During the 1950s, privately owned enterprises were restructured as state-owned factories and Shanghai’s textile industry was significantly upgraded, becoming the backbone of the city’s economy.

Products included towels, sports wear and travel bags. The “Shanghai” label meant fashion and quality and garments with the label were the hottest on the market.

At the height of the industry in 1992, Shanghai had a total of 471 textile factories and 550,000 textile workers, which meant one out of every four adults was employed in the textile industry.

But the decline was rapid and severe. By the mid-1990s, the large workforce, aging machines and the changing urban landscape pushed the industry into crisis.

Factories closed and about 500,000 workers were laid off — most in their 40s and their family’s major breadwinner.

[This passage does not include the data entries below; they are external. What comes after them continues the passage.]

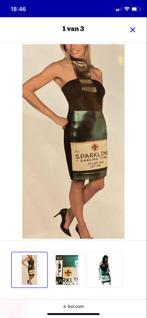 2 x Champagnefles Kostuum en 5 x space shot fles kostuum, Ophalen of Verzenden, Zo goed als nieuw, Carnaval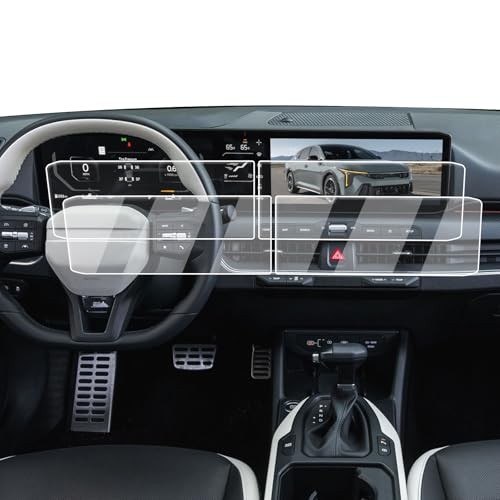  2026 Kia K4 Screen Protector - 4 Pcs 2025 Kia K4-12.3 Inch Screen-Nano Film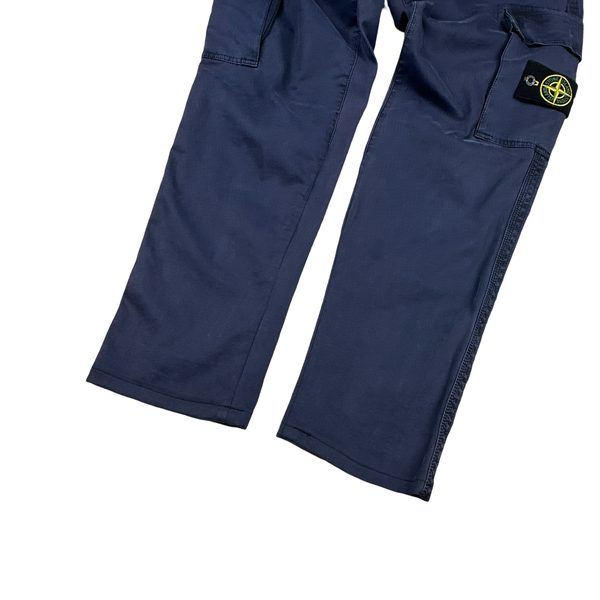 Stone Island Midnight Blue Cargo Trousers - Small
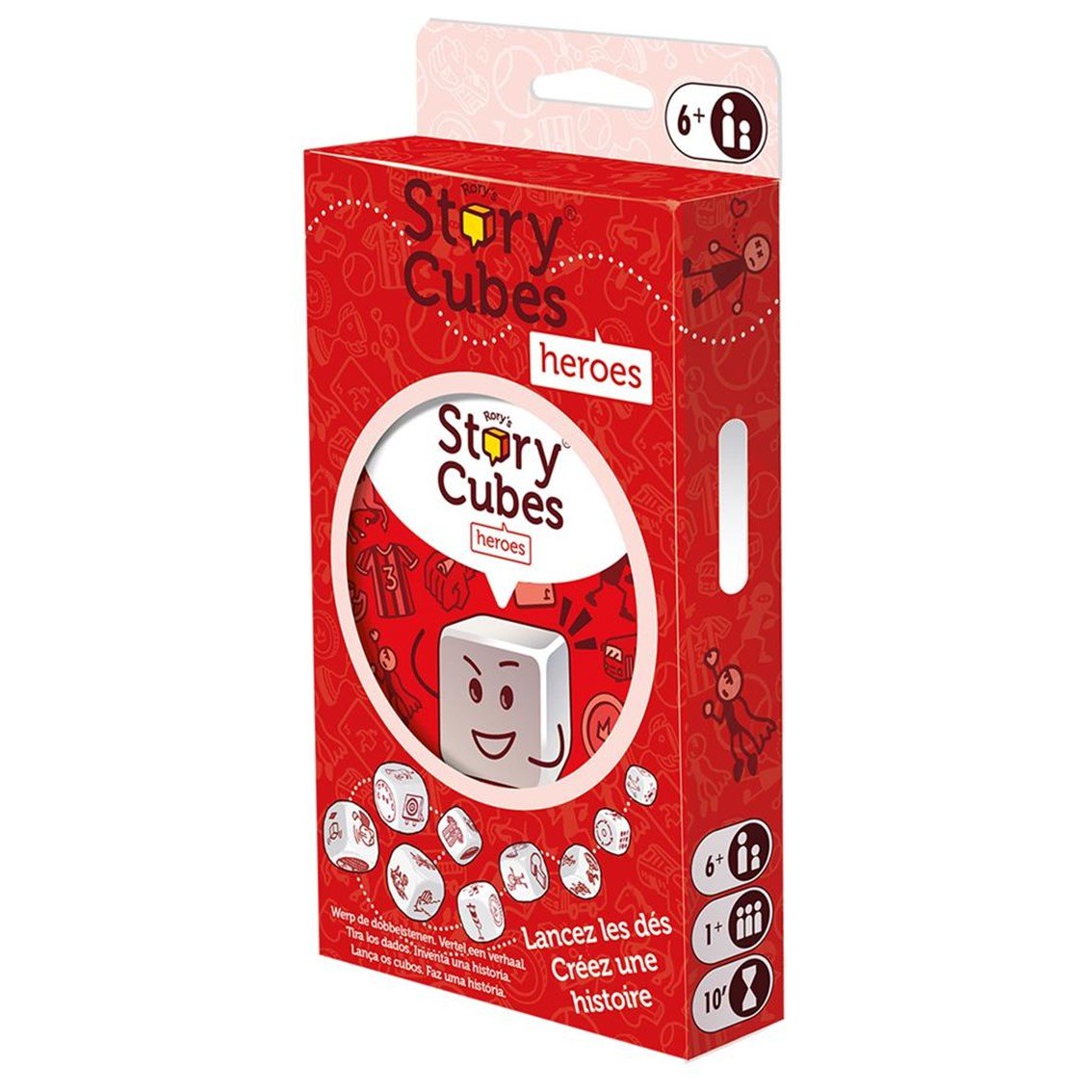 JUEGO DE MESA STORY CUBES HEROES PEGI 6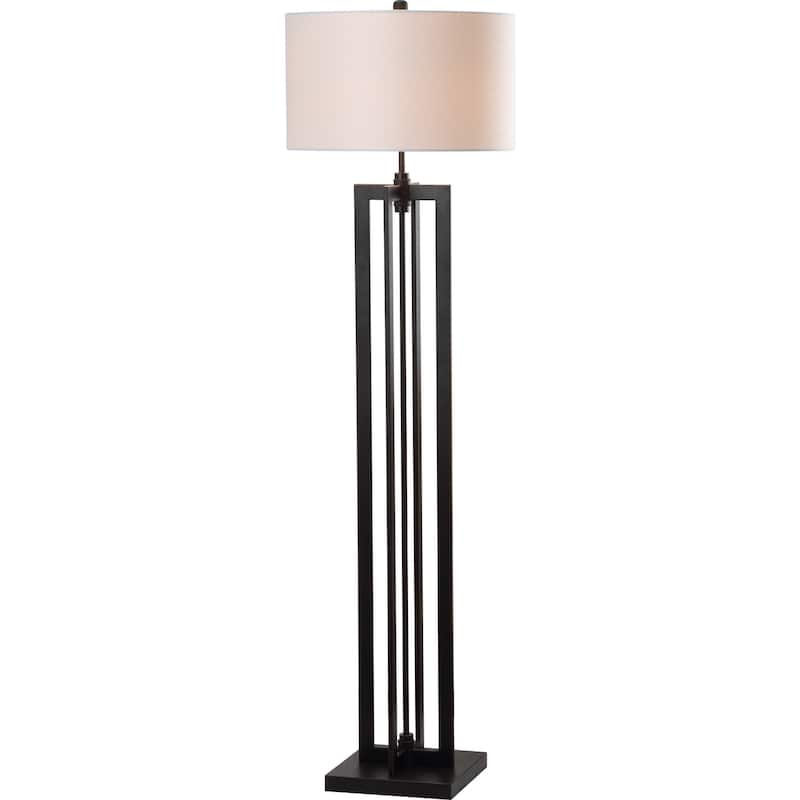 SAFAVIEH Lighting 59-inch Tanya Tower Black Floor Lamp - 17"x17"x59"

A bronze statue captures the heartbreak, freezing a sad moment in time: a worker silently on his knees, tears in his eyes, looking at the weaving machine he had just smashed.

The pain continued through the late 1990s as the factories were relocated out of Shanghai and tens of thousands of jobless textile workers struggled to make a living for themselves and their families.

Two photo walls bear witness to the hard times and stand as a mark of respect for the workers whose livelihoods were sacrificed for the city’s growth and development.

The laid-off workers eventually became shop assistants, waitresses, bus drivers, cleaners and self-employed business people. They survived, undefeatable.

Today, Shanghai’s textile industry focuses on high-technology and new materials development, becoming a major supplier in almost every industry.

Its products and components can be seen everywhere — from high-speed trains to the space suits worn by China’s astronauts, the roof of the Water Cube in Beijing, the domestic aircraft manufacturing industry and the artificial kidney.

If you go

Address: 150 Aomen Road

Admission: Free

Open hours: 9:30am-4pm. Closed on Mondays.